* WHAT YOU HAVE TO DO
For this exercise, retype the lines from the one that holds "Teal Roman Silk" through the one that holds "A Study Of A" in the records below, both included, exactly and without pictures.

* PROVIDED DATA
###
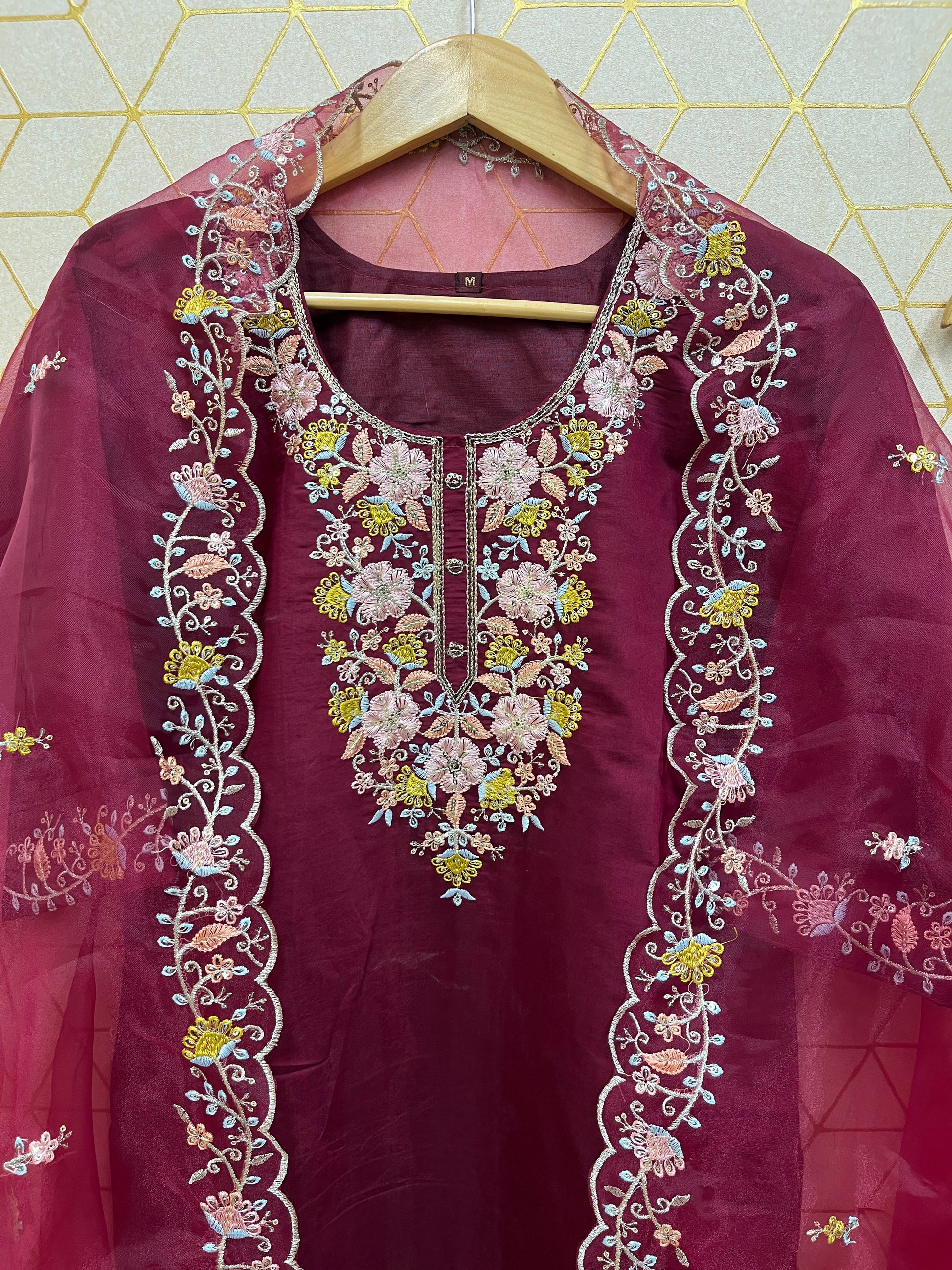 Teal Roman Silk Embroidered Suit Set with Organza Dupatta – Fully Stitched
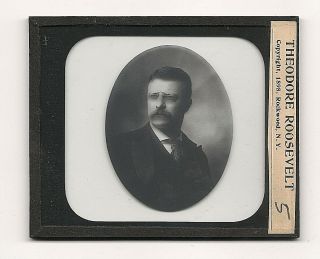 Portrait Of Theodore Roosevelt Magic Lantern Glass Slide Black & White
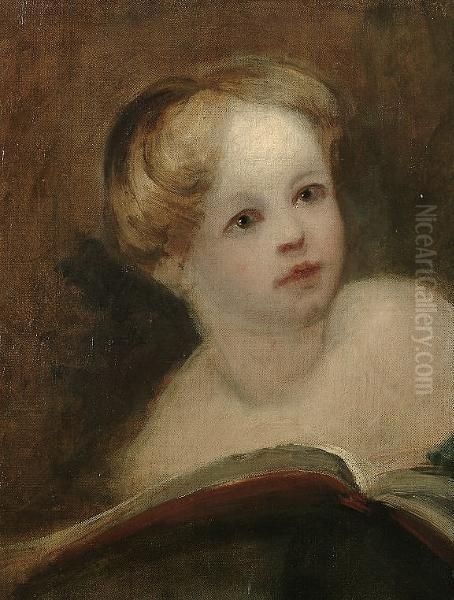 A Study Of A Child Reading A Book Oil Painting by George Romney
###
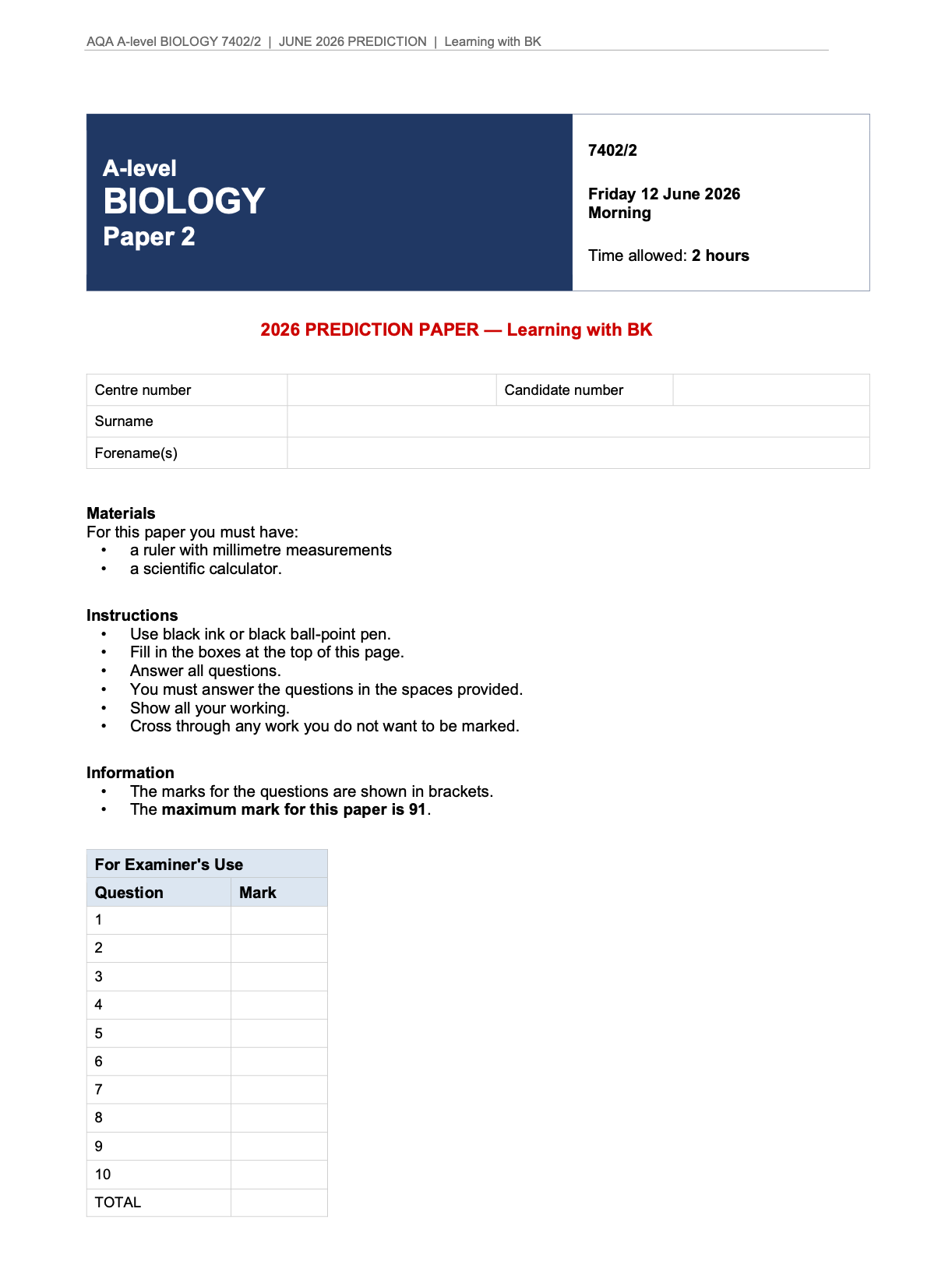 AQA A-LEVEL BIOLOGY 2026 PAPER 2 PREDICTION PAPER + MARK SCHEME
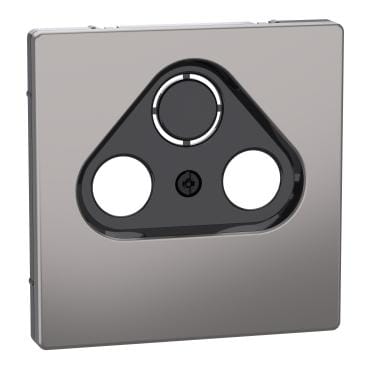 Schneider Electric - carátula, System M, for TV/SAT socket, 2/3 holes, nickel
###
* EXERCISE OUTPUT
 Teal Roman Silk Embroidered Suit Set with Organza Dupatta – Fully Stitched
 Portrait Of Theodore Roosevelt Magic Lantern Glass Slide Black & White
 A Study Of A Child Reading A Book Oil Painting by George Romney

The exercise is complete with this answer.